Task goal → Copy only what lies from the line containing "Basteldraht 3,0 Meter" through the line containing "PATboard Scrum Board" in the entries below, keeping both end lines exact and dropping every picture.

Items from a data source
■ ■ ■ ■ ■ ■ ■

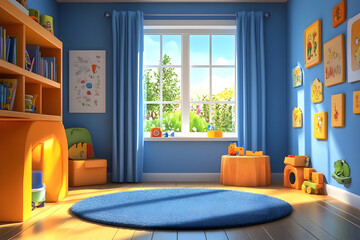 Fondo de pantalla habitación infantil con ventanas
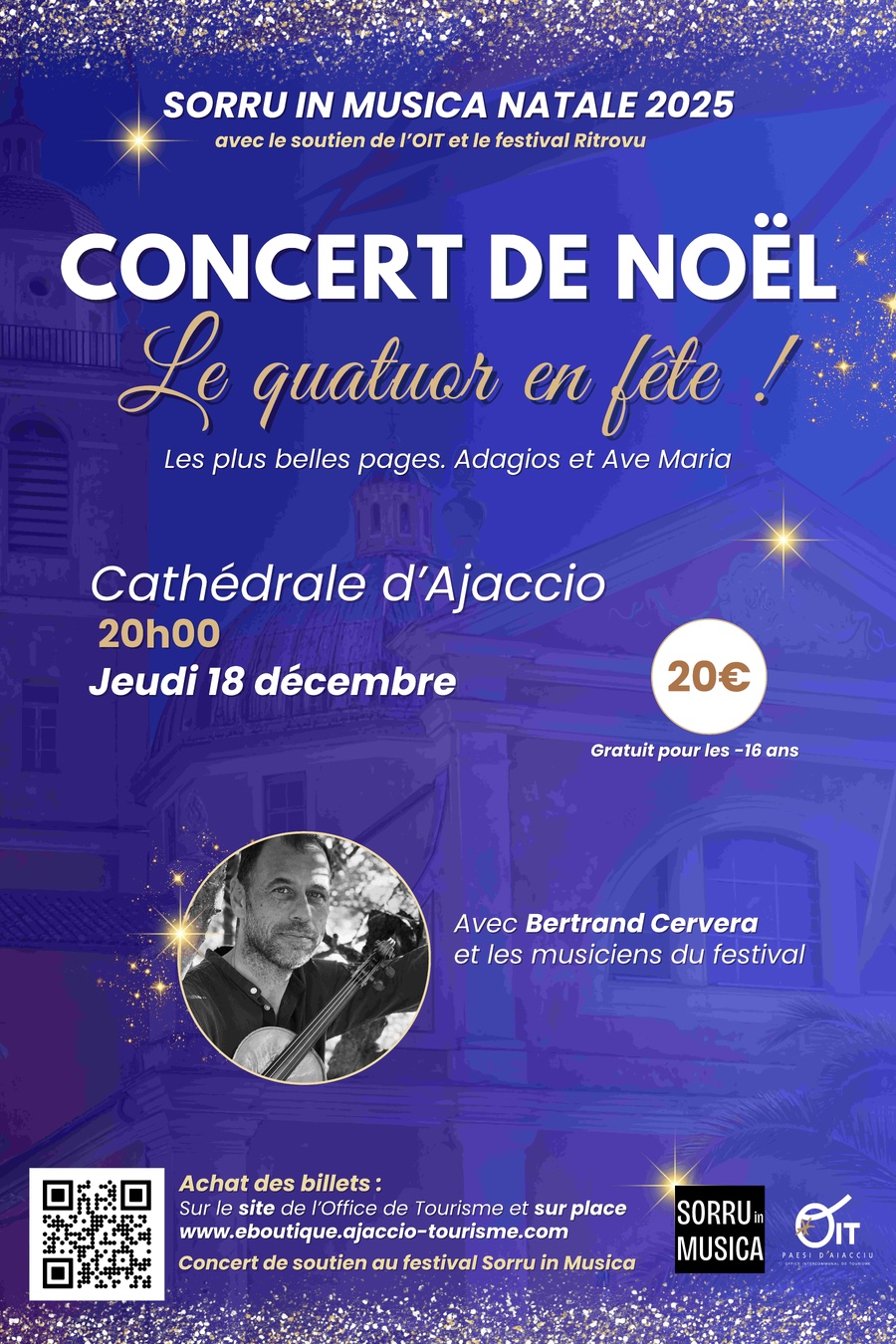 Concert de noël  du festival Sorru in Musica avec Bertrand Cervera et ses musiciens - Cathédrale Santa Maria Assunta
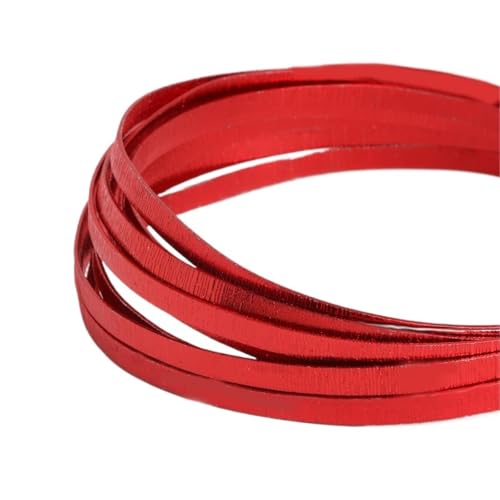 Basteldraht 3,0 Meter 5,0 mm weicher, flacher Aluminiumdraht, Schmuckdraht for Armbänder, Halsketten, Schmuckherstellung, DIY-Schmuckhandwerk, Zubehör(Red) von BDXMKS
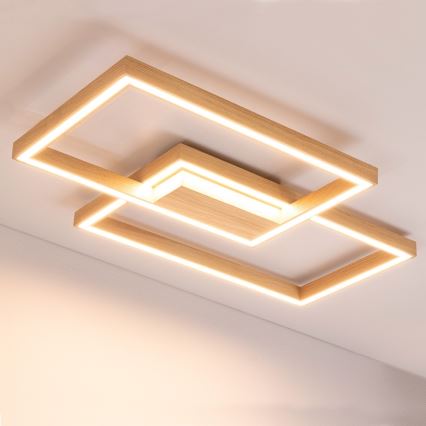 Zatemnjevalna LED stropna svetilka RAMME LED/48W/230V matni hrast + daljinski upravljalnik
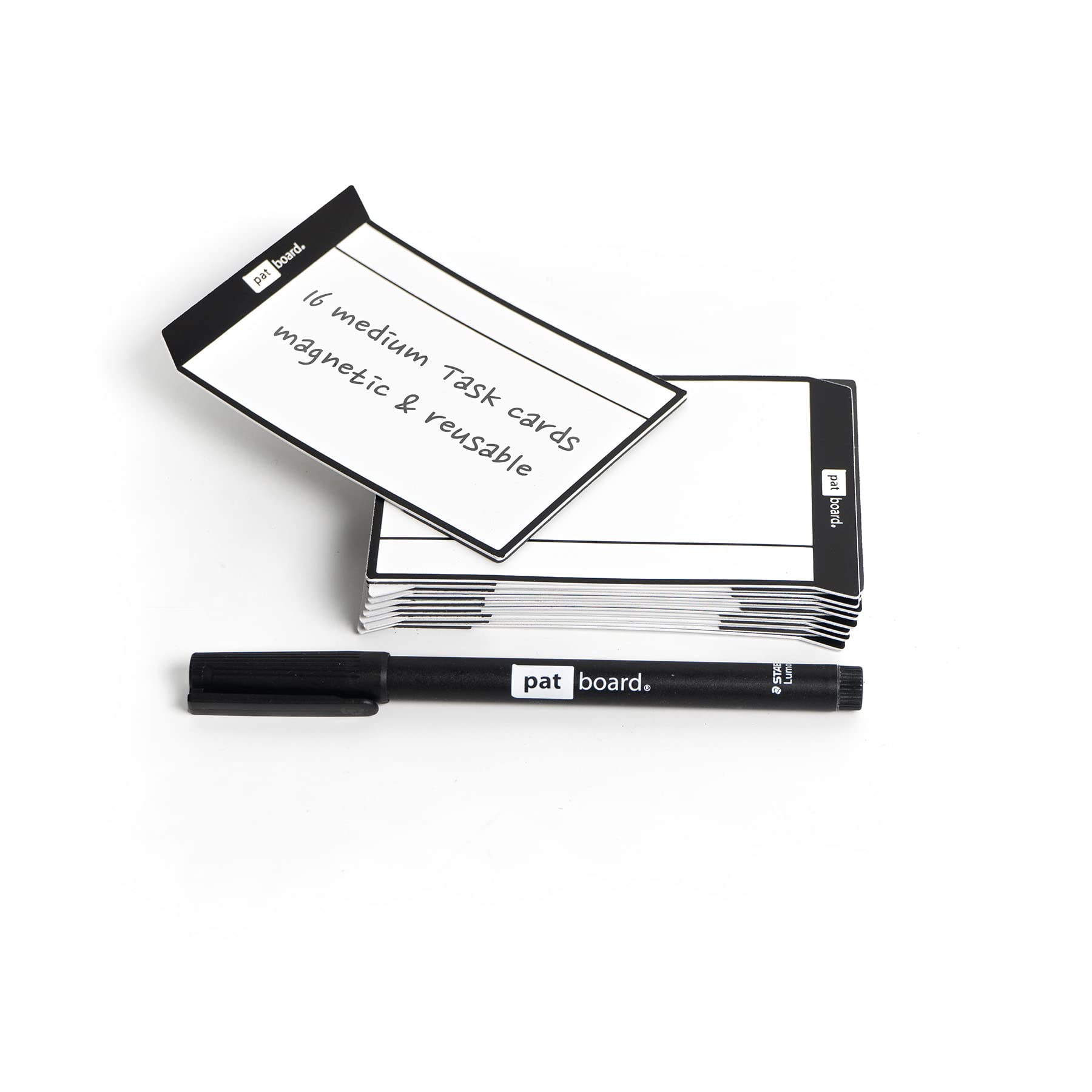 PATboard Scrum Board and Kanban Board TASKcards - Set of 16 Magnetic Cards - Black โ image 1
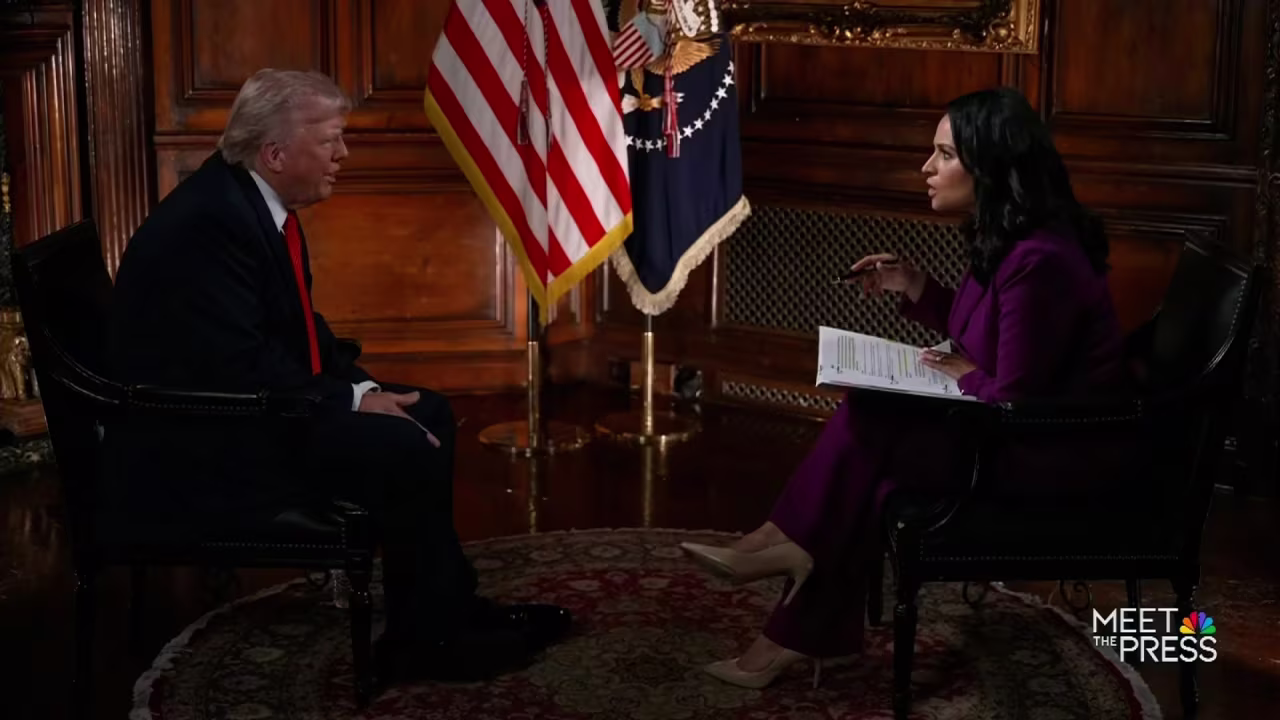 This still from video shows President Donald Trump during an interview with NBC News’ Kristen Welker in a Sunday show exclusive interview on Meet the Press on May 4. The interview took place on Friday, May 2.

■ ■ ■ ■ ■ ■ ■

Task response →
 Basteldraht 3,0 Meter 5,0 mm weicher, flacher Aluminiumdraht, Schmuckdraht for Armbänder, Halsketten, Schmuckherstellung, DIY-Schmuckhandwerk, Zubehör(Red) von BDXMKS
 Zatemnjevalna LED stropna svetilka RAMME LED/48W/230V matni hrast + daljinski upravljalnik
 PATboard Scrum Board and Kanban Board TASKcards - Set of 16 Magnetic Cards - Black โ image 1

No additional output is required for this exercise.